The modules with larger sample sizes were the depression diet (n=145), transtheoretical (n=139), and cognitive distortion modules (n=116;). The depression diet module was ranked sixth for the number of characters typed per message, ranked ninth for completion, and ranked seventh for time. The transtheoretical module was ranked second for the number of characters typed per message, ranked 12th for completion, and ranked eighth for time. The cognitive distortion module was ranked eight for the number of characters typed per message, ranked first for completion, and ranked second for time.
User Flow Within Modules
Each of the 12 modules was unique in terms of the number of questions it had, duration of usage by the user, characters used, messages sent, and completion rate. The content of each module also differed in terms of the type of questions and messages used by Tess as well as the utilization of links that direct users to leave the platform.

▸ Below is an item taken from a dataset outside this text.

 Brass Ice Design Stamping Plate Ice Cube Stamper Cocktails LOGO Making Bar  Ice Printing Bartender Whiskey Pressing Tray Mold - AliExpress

Overall, 2 of the 12 modules were selected to highlight the possible differences that can be seen when evaluating modules that were created in different ways. The body scan and cognitive distortion modules differed most noticeably in terms of duration. The body scan module had 33 messages from Tess (), whereas the cognitive distortion module had 56 messages ( ). In addition, the body scan module included links that directed users to leave the platform at several points.
The body scan module shows a heterogeneous pattern of usage that shows that most users were branched to different items and that there were few consistent transition points, whereas the cognitive distortion module did not have much branching, as most users were routed through the module in a consistent and linear way.
Although previous studies on chatbots show promising results, little is known about how chatbots work. Understanding how chatbots work, especially chatbots that utilize modules as Tess, is essential for researchers to compare the treatments that are actually being delivered and provide guidance on how chatbots could be designed. Studying how users engage with the modules and the aspects of modules that are associated with completion or engagement can help future chatbot developers. This study is a first attempt to understand how a specific chatbot (Tess) works, including the organization by modules, module length, and other characteristics, and to provide a framework for future chatbot research.
The first aim of this study is to understand the overall utilization of the depression modules from Tess. This was done by analyzing the number of user messages, characters per message, the average time of utilization, and participant flow through Tess. The 354 users included in this study sent a total of 6220 messages and typed a total of 86,298 characters across an average of 46 days, which illustrates that the users engaged with Tess. However, when the time spent was analyzed, the participants engaged with Tess for an average of 25 min. A cautious interpretation of this number may suggest that 25 min is not sufficient to provide strategies that can help users cope with depression. A more enthusiastic interpretation suggests that as chatbots are highly accessible and scalable, 25 min of an asynchronous conversation delivered right when users need it can help boost their mood, and if this is delivered to large populations, this could be a major contribution to the mental health resources.
With regard to the second aim, when analyzing the participant flow between the depression modules, the sequence of interactions with the modules was heterogeneous, and users were more likely to engage with modules when they were initiated by Tess rather than by the user (and ). In addition, most users discontinued the depression modules after completing 1 to 2 modules. Although there might be several reasons for why the participants discontinued the module (eg, not being depressed any more or not being interested in the module; refer to the Limitations section), chatbots researchers should keep in mind that the attrition problems of most digital interventions are still present with chatbots [ ]. Thus, when developing a chatbot, it may be better to focus first on developing a few good modules, rather than many modules that may not be used or comparable.
The third aim of this study is to compare the utilization patterns across the depression modules based on the messages sent, characters typed, completion rate, and average time of utilization. The results showed that the overall utilization was heterogeneous across modules. More specifically, the differences between characters typed per message and the average time of utilization across modules may be because of the differences in how the modules were designed. Most probably, user engagement changes depending on what type of messages the AI sends to the user. For example, a module that uses more open-ended questions may trigger more characters to be typed than a module that uses close-ended questions that elicit yes or no answers from the users.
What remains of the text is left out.